DATA PROVIDED:
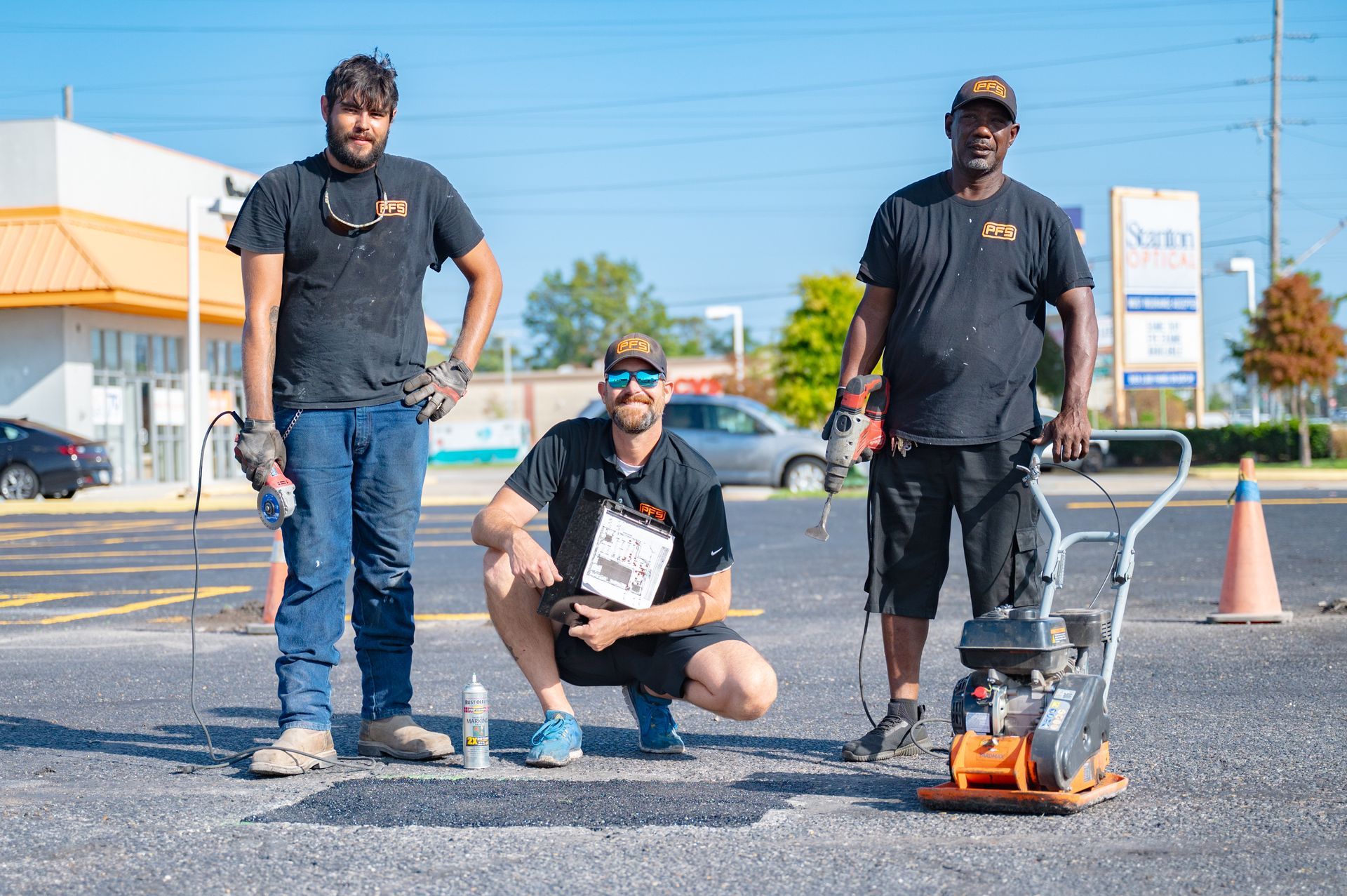 Three workers posing beside a small road machine in a parking lot under a clear blue sky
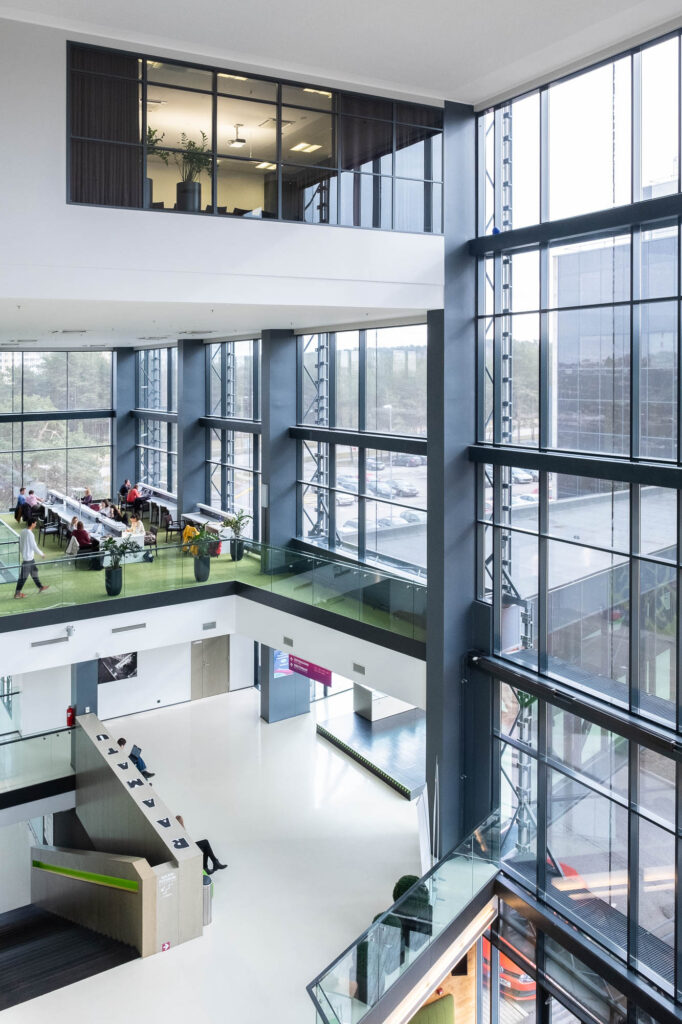 Interior of a contemporary library, a large glass building with angular floors opening to an atrium.
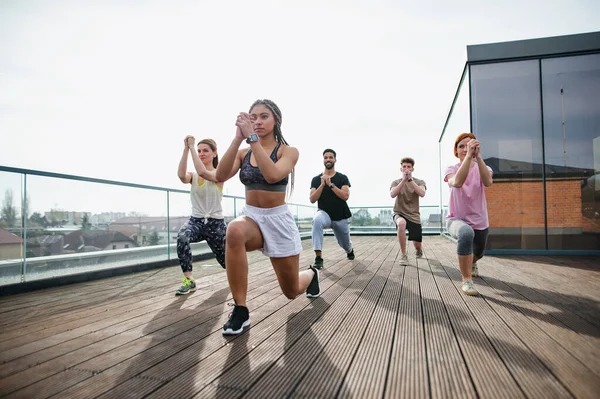 Grupa młodych ludzi ćwiczy na świeżym powietrzu na tarasie, sport i koncepcja zdrowego stylu życia. — Zdjęcie stockowe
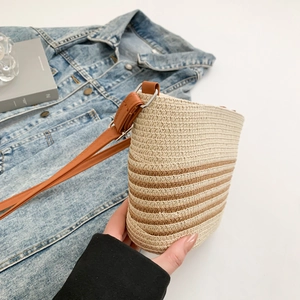 Detailed close-up of woven bucket bag with striped pattern and adjustable brown shoulder strap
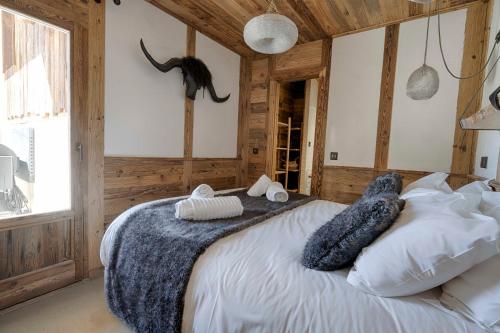 a bedroom with a large white bed with wooden walls at Chalet Le Perchoir, Spa, Sauna, sur les pistes in Villard-Reculas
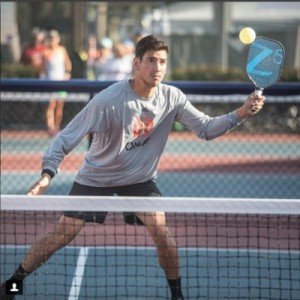 player with paddle in hand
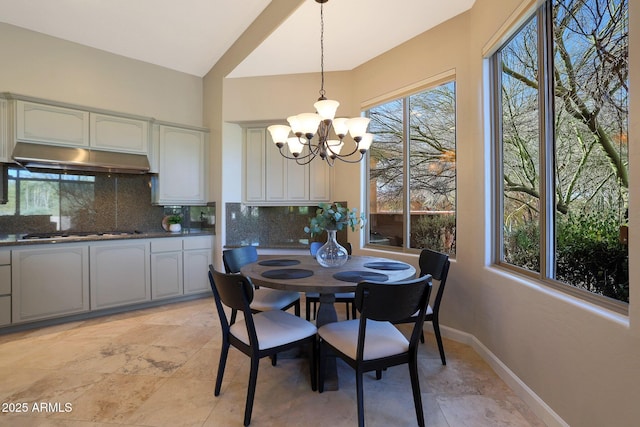 dining area featuring lofted ceiling, plenty of natural light, and a notable chandelier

TASK DESCRIPTION:
The answer must be an exact copy of the lines from the one containing "Interior of a" through the last line of the records, with no pictures included.

WRITTEN RESPONSE:
 Interior of a contemporary library, a large glass building with angular floors opening to an atrium.
 Grupa młodych ludzi ćwiczy na świeżym powietrzu na tarasie, sport i koncepcja zdrowego stylu życia. — Zdjęcie stockowe
 Detailed close-up of woven bucket bag with striped pattern and adjustable brown shoulder strap
 a bedroom with a large white bed with wooden walls at Chalet Le Perchoir, Spa, Sauna, sur les pistes in Villard-Reculas
 player with paddle in hand
 dining area featuring lofted ceiling, plenty of natural light, and a notable chandelier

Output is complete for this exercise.